*Your instructions*: Whenever a line in the data holds the string "Photo", copy that line.

*Exercise materials*:
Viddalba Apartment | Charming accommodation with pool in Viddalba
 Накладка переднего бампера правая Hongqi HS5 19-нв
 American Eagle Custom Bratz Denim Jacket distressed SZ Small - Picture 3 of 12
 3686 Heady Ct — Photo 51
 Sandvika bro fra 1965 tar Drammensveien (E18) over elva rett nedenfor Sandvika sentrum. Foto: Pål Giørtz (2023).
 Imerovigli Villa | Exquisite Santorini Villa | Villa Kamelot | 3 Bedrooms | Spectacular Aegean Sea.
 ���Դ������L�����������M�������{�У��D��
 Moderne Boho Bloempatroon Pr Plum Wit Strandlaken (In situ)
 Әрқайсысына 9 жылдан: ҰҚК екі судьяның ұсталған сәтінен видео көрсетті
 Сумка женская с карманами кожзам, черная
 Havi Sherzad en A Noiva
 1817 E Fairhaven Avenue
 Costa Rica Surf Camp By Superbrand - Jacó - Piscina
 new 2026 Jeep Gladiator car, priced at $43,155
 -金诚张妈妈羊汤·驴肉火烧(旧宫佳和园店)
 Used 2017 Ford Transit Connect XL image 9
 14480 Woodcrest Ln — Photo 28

*Response area*:
 3686 Heady Ct — Photo 51
 14480 Woodcrest Ln — Photo 28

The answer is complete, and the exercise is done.